I recently partnered with other colleagues in finance / consulting / start ups
to launch Accelerate - a service that allows you to find vetted assistants
starting at $2.99 / hr.

Our thesis is that personal assistants should be available to everyone and
that pricing should not be a barrier. Additionally, we are helping the
community by fighting against the the job crisis in Philippines (read about it
in our FAQ page!).

Let us know what you think!

FAQS:

-What's the benefit?: The initial benefits of having a personal assistant is the ability to offload low ROI errands that you MUST do so you can focus your full energy on things you WANT to do. Although it is very simple to look through your email, schedule a meeting, pay your bills, do your taxes, this takes valuable attention and brain power from your passions or top priorities for example, spending time with your family, or coming up with a new idea for a side gig. Imagine trying to work on a new project or starting to work out but having a bunch of small roadblocks before it -- human will power is limited and drained. Thus, if you have an affordable personal assistant, you can enhance your life by minimizing the roadblocks to focus on your highest priorities. It takes 21 minutes to recover your attention from a distraction. Our goal is to reduce these distractions so you can have large blocks of time to focus.
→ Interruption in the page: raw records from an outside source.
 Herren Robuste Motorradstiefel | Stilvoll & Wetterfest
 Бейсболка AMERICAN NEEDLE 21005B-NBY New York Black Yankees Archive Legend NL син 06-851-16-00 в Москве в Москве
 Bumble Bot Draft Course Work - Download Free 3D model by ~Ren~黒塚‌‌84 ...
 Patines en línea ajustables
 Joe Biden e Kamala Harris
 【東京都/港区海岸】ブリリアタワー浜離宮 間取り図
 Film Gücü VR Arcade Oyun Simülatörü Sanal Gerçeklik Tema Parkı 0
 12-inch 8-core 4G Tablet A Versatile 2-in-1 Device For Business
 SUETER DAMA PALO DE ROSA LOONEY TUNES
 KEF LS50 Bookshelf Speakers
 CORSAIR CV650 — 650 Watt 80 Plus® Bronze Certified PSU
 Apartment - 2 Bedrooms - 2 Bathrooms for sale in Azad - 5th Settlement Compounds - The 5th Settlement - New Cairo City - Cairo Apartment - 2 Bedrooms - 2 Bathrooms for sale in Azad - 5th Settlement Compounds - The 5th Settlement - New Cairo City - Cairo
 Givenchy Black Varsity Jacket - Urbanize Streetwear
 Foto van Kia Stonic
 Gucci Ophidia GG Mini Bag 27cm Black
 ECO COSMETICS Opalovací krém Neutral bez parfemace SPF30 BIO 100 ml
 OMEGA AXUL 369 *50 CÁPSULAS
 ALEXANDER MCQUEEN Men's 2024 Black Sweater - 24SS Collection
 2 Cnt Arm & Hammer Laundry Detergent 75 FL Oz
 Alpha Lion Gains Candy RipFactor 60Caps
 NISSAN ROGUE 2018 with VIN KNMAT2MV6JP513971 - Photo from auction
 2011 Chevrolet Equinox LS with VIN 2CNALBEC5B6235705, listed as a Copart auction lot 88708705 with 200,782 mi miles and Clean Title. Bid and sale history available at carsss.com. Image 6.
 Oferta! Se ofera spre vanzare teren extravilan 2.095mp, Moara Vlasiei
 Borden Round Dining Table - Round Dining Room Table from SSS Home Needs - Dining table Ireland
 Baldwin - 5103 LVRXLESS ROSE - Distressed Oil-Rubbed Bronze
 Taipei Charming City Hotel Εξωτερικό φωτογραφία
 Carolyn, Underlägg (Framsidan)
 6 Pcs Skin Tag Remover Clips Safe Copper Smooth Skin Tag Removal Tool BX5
-Can't I do the task faster myself: The beauty of having a dedicated assistant is someone that gradually understands your preferences and will be able to order similar things in the past or recommend things to you in the future. Think Donna from Suits - she is able to give Harvey great suggestions on presents, restaurants etc. while Harvey focuses on what he does best, being a lawyer because she knows him well.

-How much do the assistants get paid?: Our assistants get paid based on how long they've been with the service - after training period, they'd get paid anywhere from $2.50/hr - $5.00/hr (high end for some that work for our platform). Minimum wage in Philippines is ~$1.16 / hr which is typical for a lower paying job such as a personal assistant. The average wage in Philippines is ~$2.50/hr. Keep in mind, this is including higher paying jobs such as engineers, doctors as well as higher wage areas (Manila) etc so we are paying VERY well, especially to the assistants in lower wage areas. We've heard that some government workers in the Philippines get paid less than $2 / hr, causing them to spend more than half of their wages on transportation.

Cost of living in Philippines ranges from ~$490 - $1060/month if you have to
travel to work (main pain point we've heard from our assistants as many
commutes are >4 hours a day) as transport costs ~$150/month due to inflation /
gas prices. However, if they are able to work with us at home, their costs
drastically are reduced (transport costs and decreased food costs) to ~$300 -
$500.

The Accelerate Team